* [TASK TO CARRY OUT] Transcribe exactly, and only, the lines running from the one with "Vand ceas Huawei" to the end of the entries below, both included, without any pictures.

* [RECORDS FOR THE TASK]
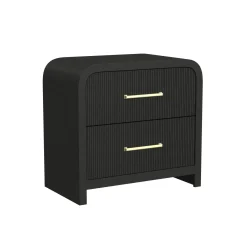 Emberly 2 Drawer Nightstand In Black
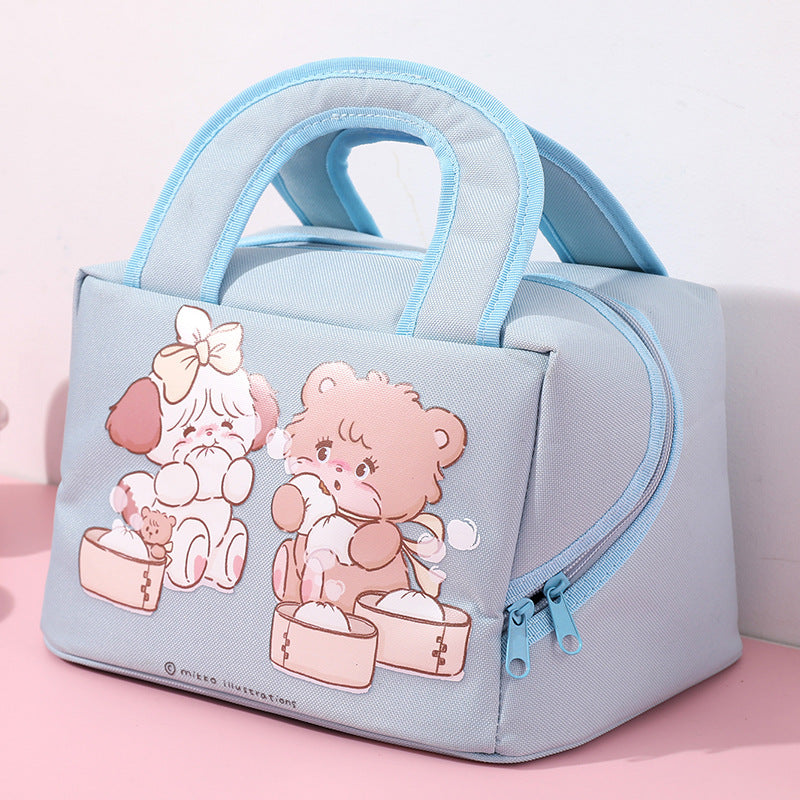 Blue Cute Cartoon Lunch Bag Large Capacity Insulated Handbag For Students And Office Use Lunchboxes & Bags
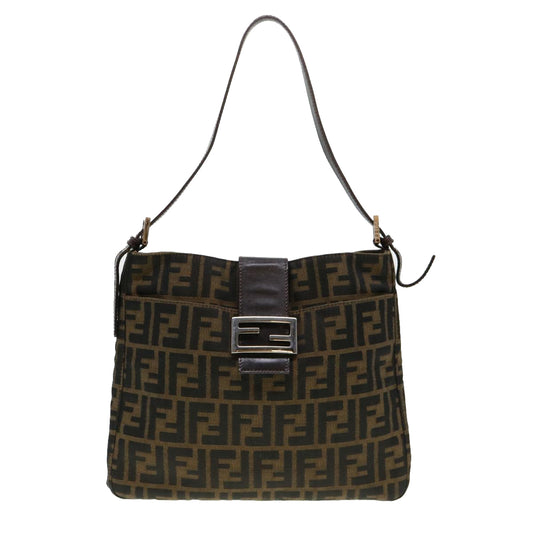 Fendi Zucca, Brown, Canvas, shoulder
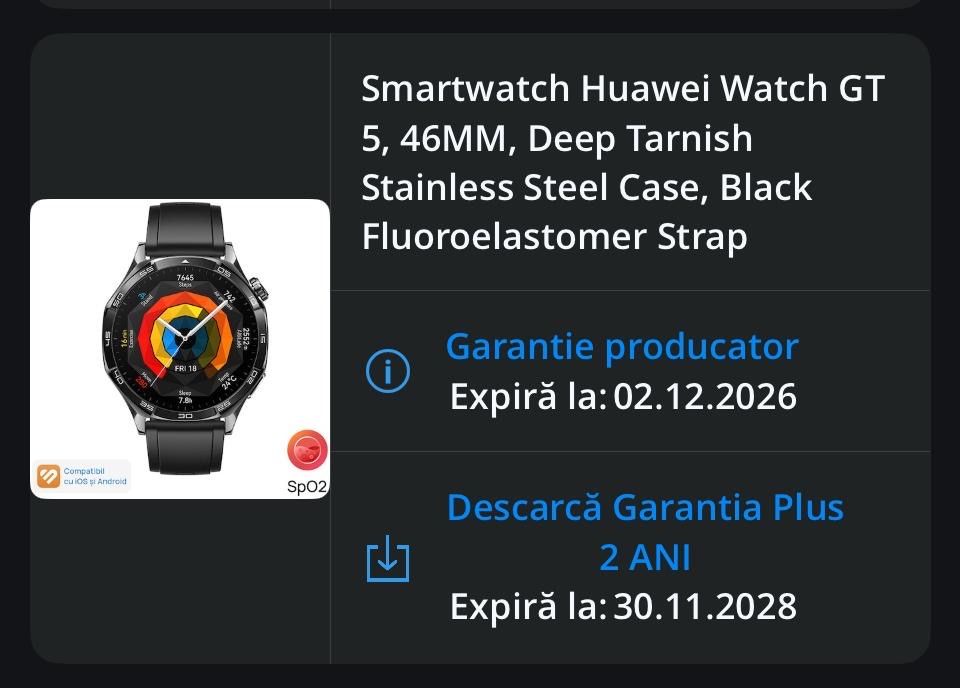 Vand ceas Huawei Watch GT 5 46mm - garantie pana in noiembrie 2028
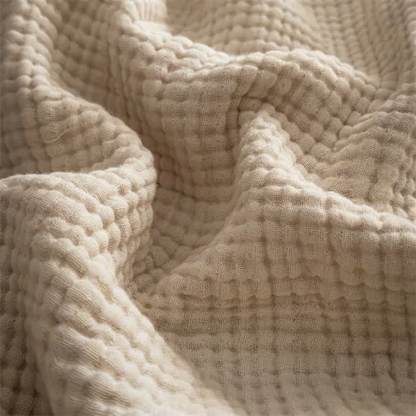 Plaid NAYA Taupe – 100 % Coton 4 Épaisseurs à Franges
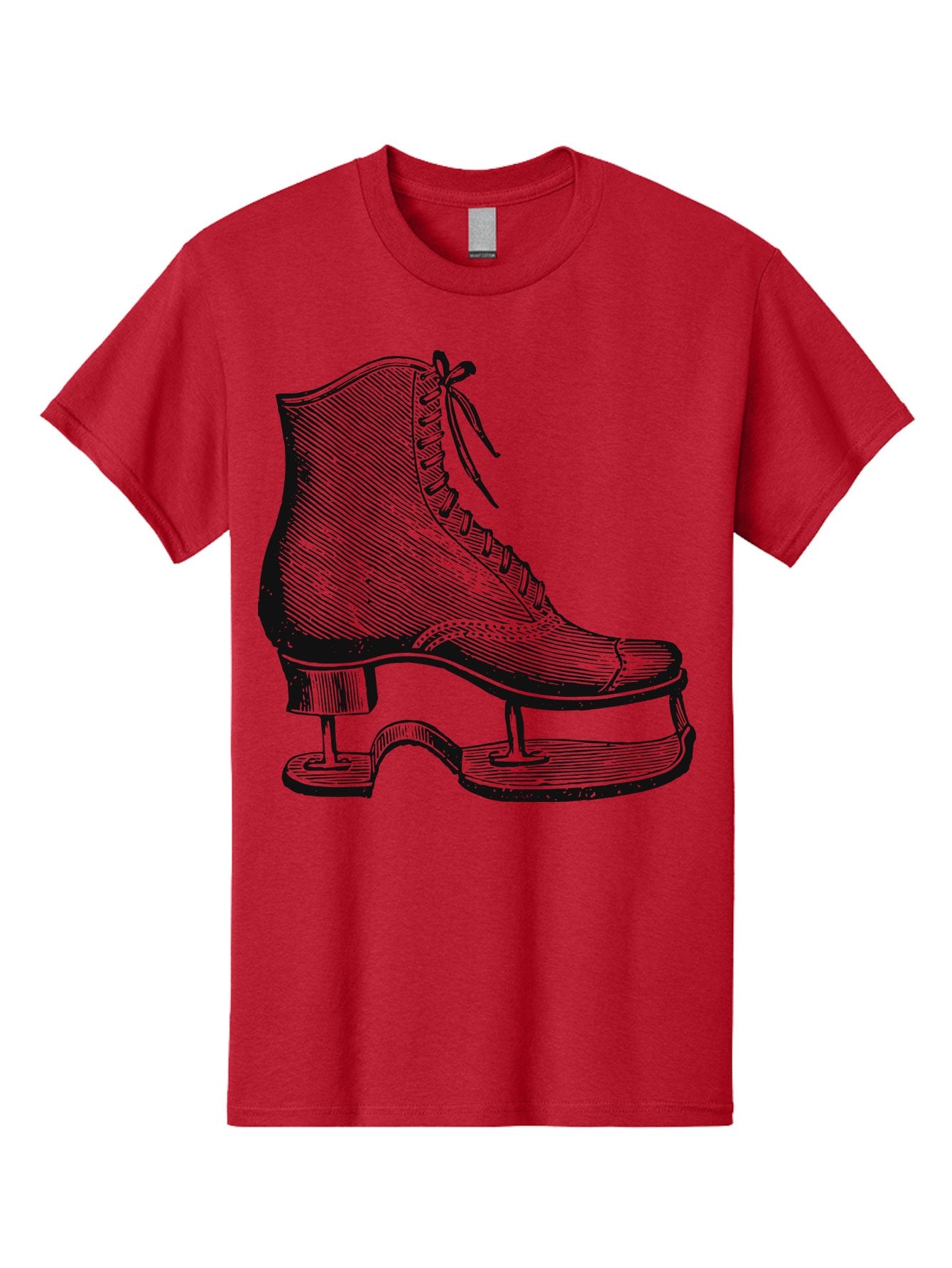 The Frozen Classic Men'S Graphic Tee, 100% Cotton, Comfortable Casual Summer Wear, Machine Washable, Ice Skate, Vintage Illustration, Lace-Up Boot, Ice Skating, Winter Sports, Classic Design, Retro Style, Frozen Fun Aae704 14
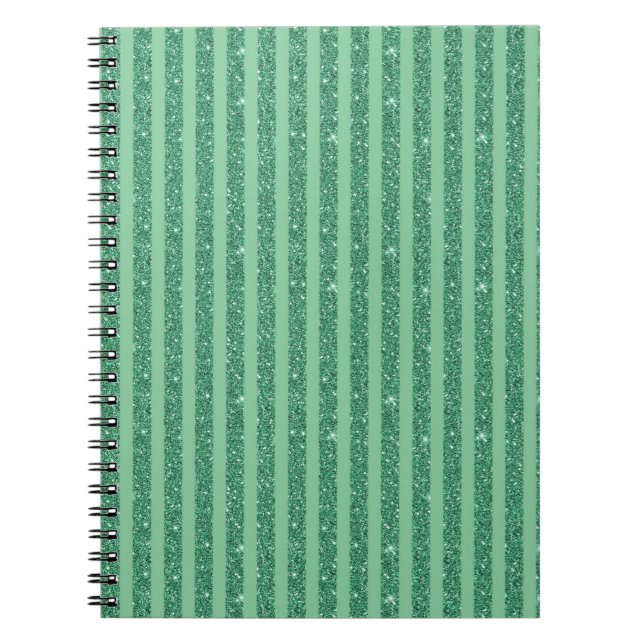 Classic Jade Green Glitter Style Vertical Stripes Anteckningsbok (Framsidan)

* [EXERCISE OUTPUT]
 Vand ceas Huawei Watch GT 5 46mm - garantie pana in noiembrie 2028
 Plaid NAYA Taupe – 100 % Coton 4 Épaisseurs à Franges
 The Frozen Classic Men'S Graphic Tee, 100% Cotton, Comfortable Casual Summer Wear, Machine Washable, Ice Skate, Vintage Illustration, Lace-Up Boot, Ice Skating, Winter Sports, Classic Design, Retro Style, Frozen Fun Aae704 14
 Classic Jade Green Glitter Style Vertical Stripes Anteckningsbok (Framsidan)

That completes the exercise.